Time frame: Changes in scores from baseline, 10-week post-treatment, and 3-, 6-, and 12-month follow-ups will be assessed.
Acceptance and Action Questionnaire for Trichotillomania (AAQ-TTM)
This measure assesses a participant's overall levels of psychological inflexibility in relation to trichotillomania and how impairing trichotillomania may be for the individual. Each item ranges on scores from 1 (Never true) to 7 (always true). Higher scores on each item indicate higher levels of distress or psychologically inflexibility in relation to their trichotillomania. The values for each items are summed to provide a total score. Higher scores tend to indicate greater psychological flexibility. Items 2,3,4,5,7,8, and 9 are reversed scored.
Time frame: Changes in scores from baseline, 10-week post-treatment, and 3-, 6-, and 12-month follow-ups will be assessed.
Warwick-Edinburgh Mental Well-being Scale (WEBWMS)
This is a 14-item Likert-type scale that measures overall well-being for participants. Each item has scores ranging from 1="None of the time" to 5 "All of the time". Higher scores indicate higher levels of overall well-being for a client.
Time frame: Changes in scores from baseline, 10-week post-treatment, and 3-, 6-, and 12-month follow-ups will be assessed.
Acceptance and Fusion Questionnaire for Youth (AFQ-Y8)

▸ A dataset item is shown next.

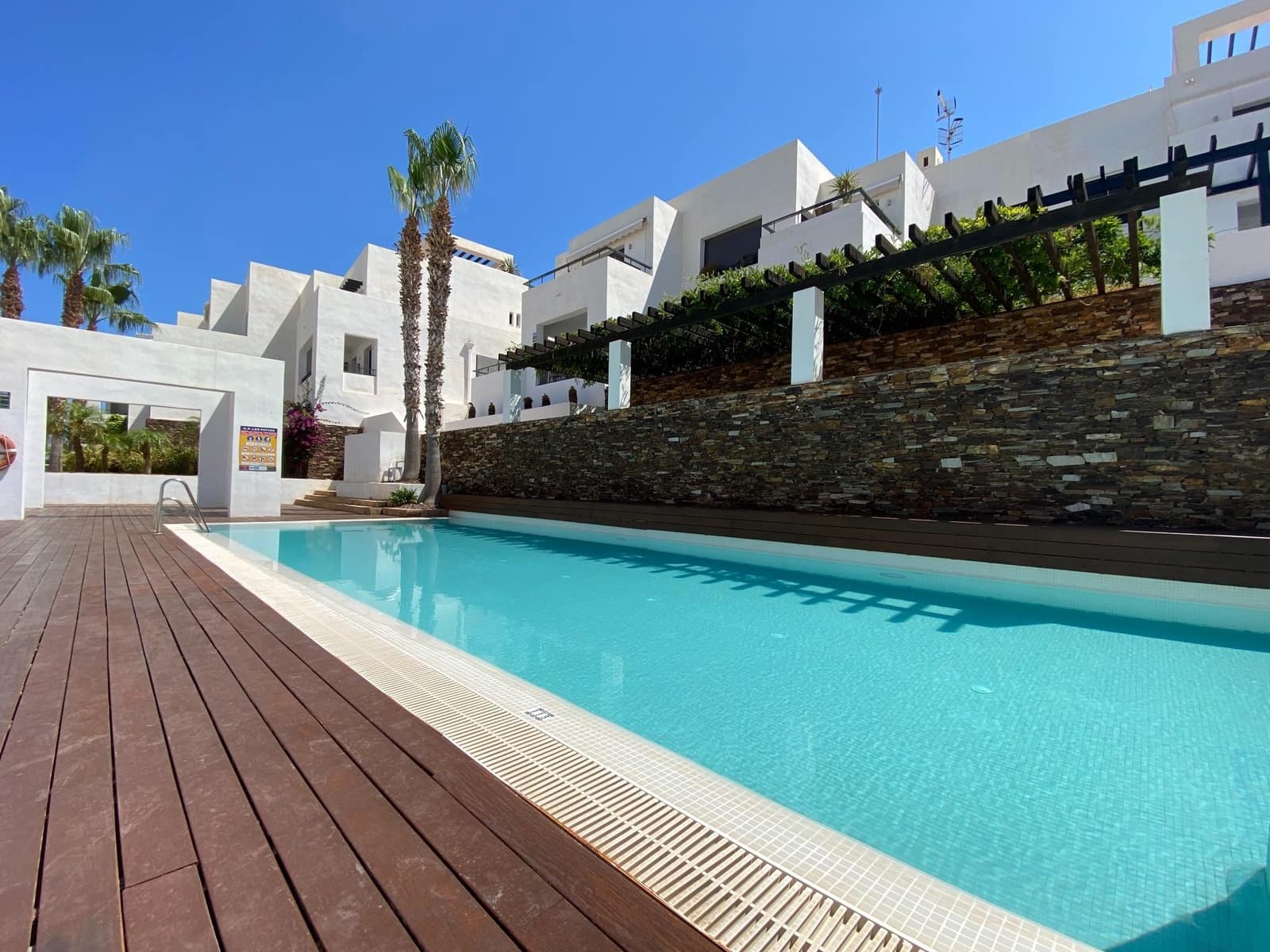 2 bedroom Penthouse for sale in Mojacar with pool garage - € 359,000 (Ref: 9603143)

The AFQ-Y measures psychological acceptance, cognitive fusion, and similar processes related to Acceptance and Commitment Therapy model. It serves as a potential predictor of negative outcomes.This is an 8-item Likert-type scale, with values ranging from 0= "Not at all True" to 4= "Very True". Scores from each item are summed and divided by the total number of items completed, then this average score is multiplied by 8. Higher scores indicate greater levels of distress or impairment.

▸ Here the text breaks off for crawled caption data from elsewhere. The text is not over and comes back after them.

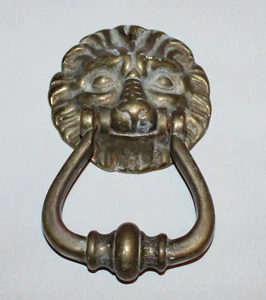 Vintage 80's Cast Brass Lions Head Door Knocker Nice Natural Patina - Picture 1 of 6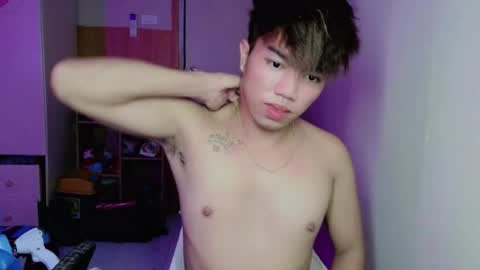 lenacute online show from July 31, 7:41 pm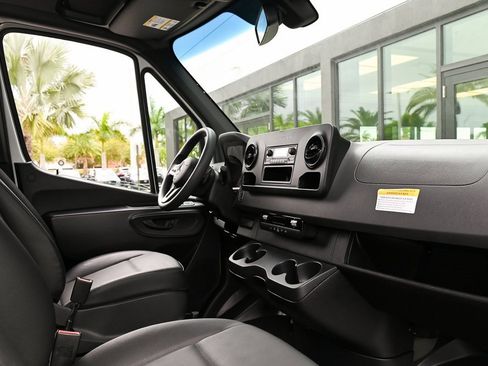 Used 2022 Mercedes-Benz Sprinter 2500 image 19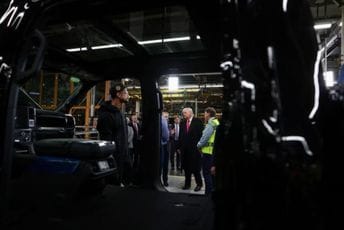 Tramp pokazao srednji prst radniku u Fordovoj fabrici; Bijela kuća: To primjeren odgovor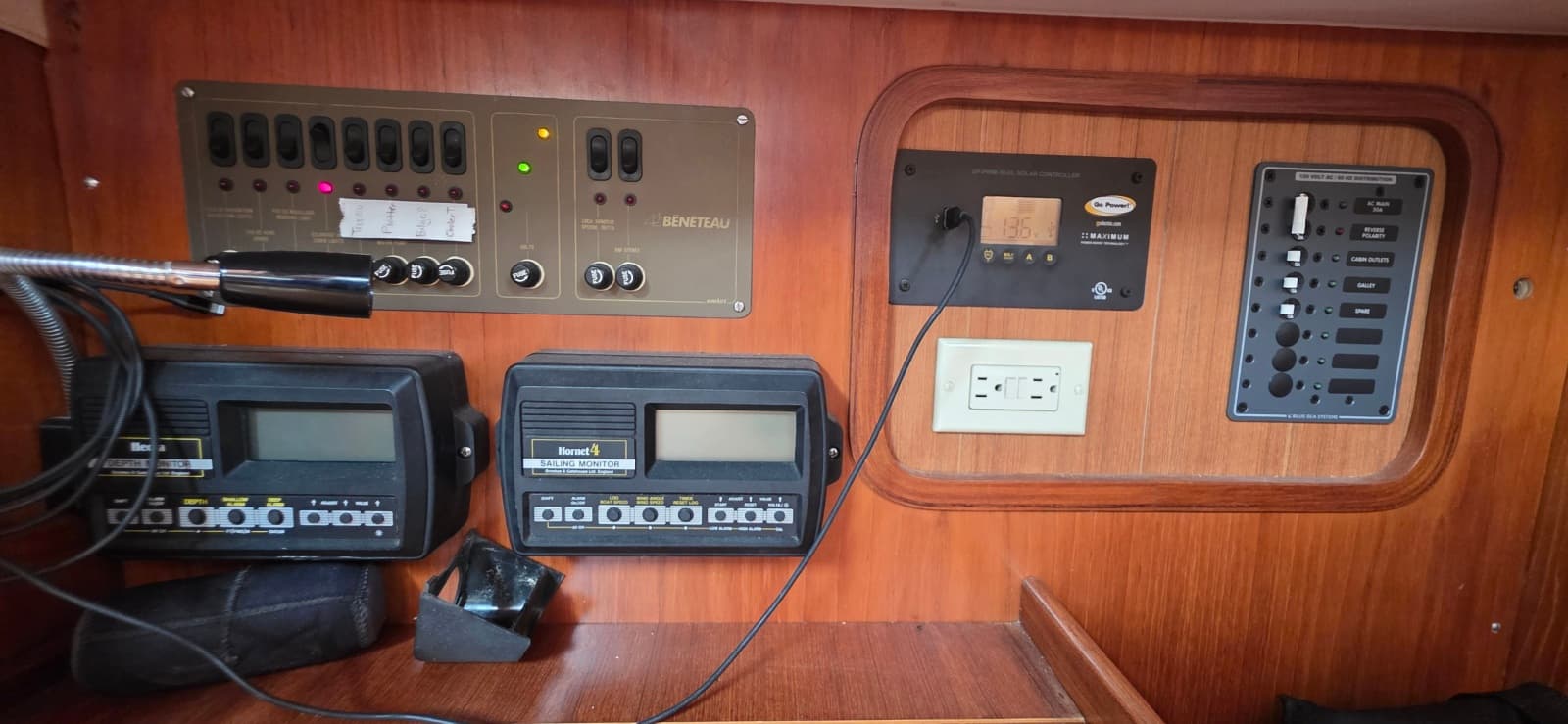 1985 Beneteau First 305 - Photo 15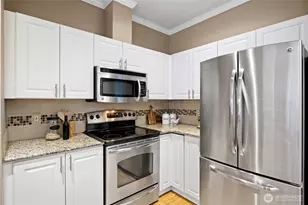 18505 SE Newport Way, Issaquah, WA 98027 - Photo 6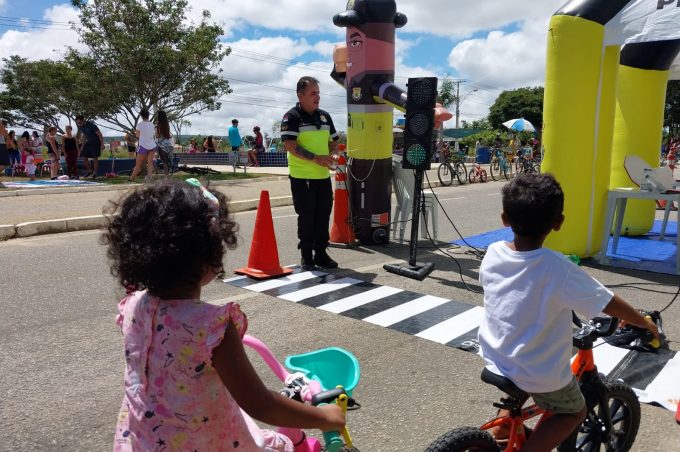 Simtrans leva atividades lúdicas sobre o trânsito para a avenida Olívia Flores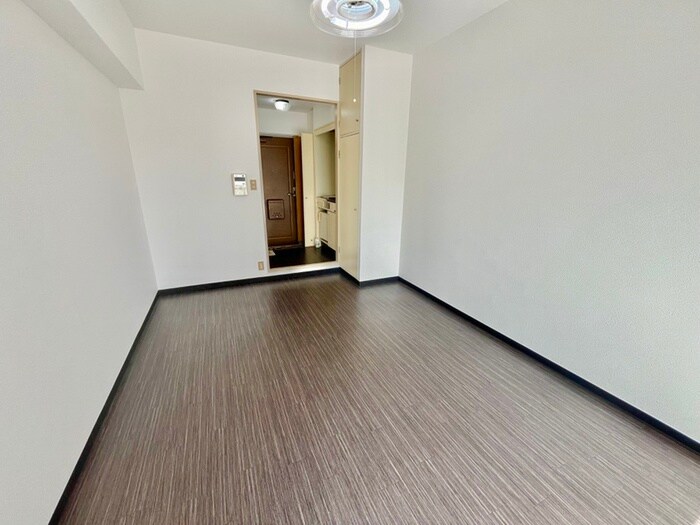 居室 ホワイトチムニ－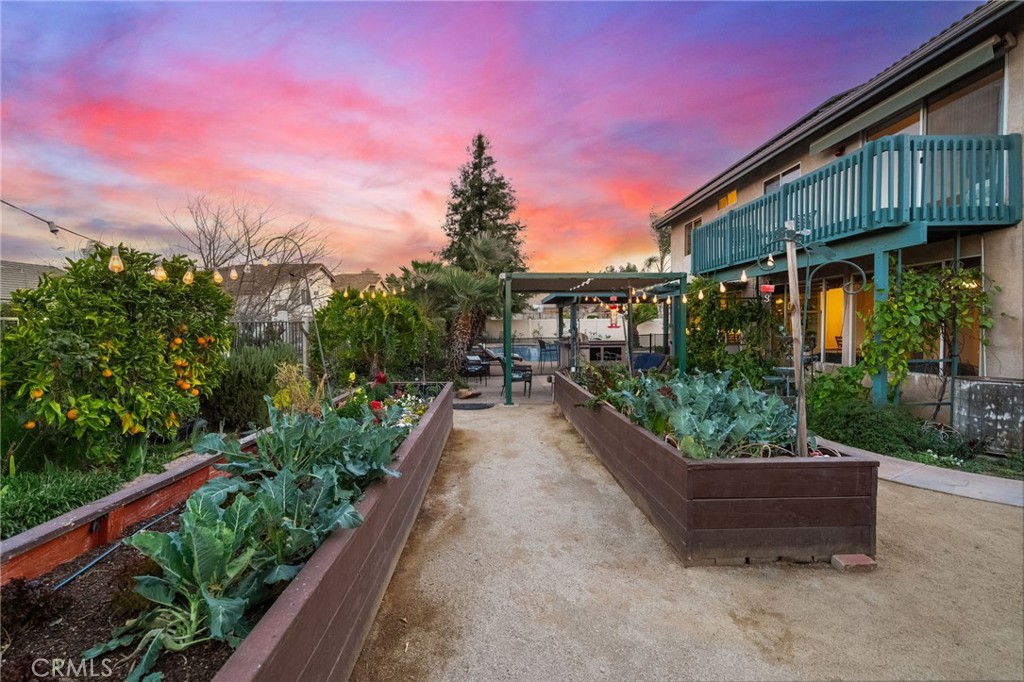 31782 Via San Carlos Temecula, CA 92592 - Photo 52 of 69 a view of a house with a yard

Time frame: Changes in scores from baseline, 10-week post-treatment, and 3-, 6-, and 12-month follow-ups will be assessed.
Youth Outcome Questionnaire (YOQ-C & YOQ-P)

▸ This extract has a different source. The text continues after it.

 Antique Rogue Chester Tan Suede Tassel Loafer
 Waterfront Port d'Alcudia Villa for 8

The YOQ covers a variety of situations, moods, and behaviors which are common to adolescents and these may or may not apply to each participant. It provides an assessment for tracking adolescent behavior by both the adolescent and parent and gives an understanding of the effectiveness of therapy. This is a 35-item Likert-type scale with items 1-30 ranging from 0 = "Never or Almost Never" to 4 = "Always or almost always", while items 31-35 range from 0 = "Haven't met therapist yet" to 5 = "Strongly agree". The first 30 items indicate total distress in a clients' life. Scores greater than or equal to 46 indicate clinically significant distress or impairment.
Time frame: Changes in scores from baseline, 10-week post-treatment, and 3-, 6-, and 12-month follow-ups will be assessed.
Parental Acceptance Questionnaire (6-PAQ)
The 6-PAQ provides a measure of psychological flexibility for parents/legal guardians in their interactions with their children and parenting behaviors. This is an 18-item Likert-type scale with responses ranging from 1 = "Strongly disagree/never" to 4 = "Strongly agree/almost always". Items 1, 2, 5, 7, 10, 15, and 18 are reverse scored. Lower scores represent greater levels of parental psychological flexibility, while higher scores indicate greater levels of parental psychological inflexibility.
Time frame: Changes in scores from baseline, 10-week post-treatment, and 3-, 6-, and 12-month follow-ups will be assessed.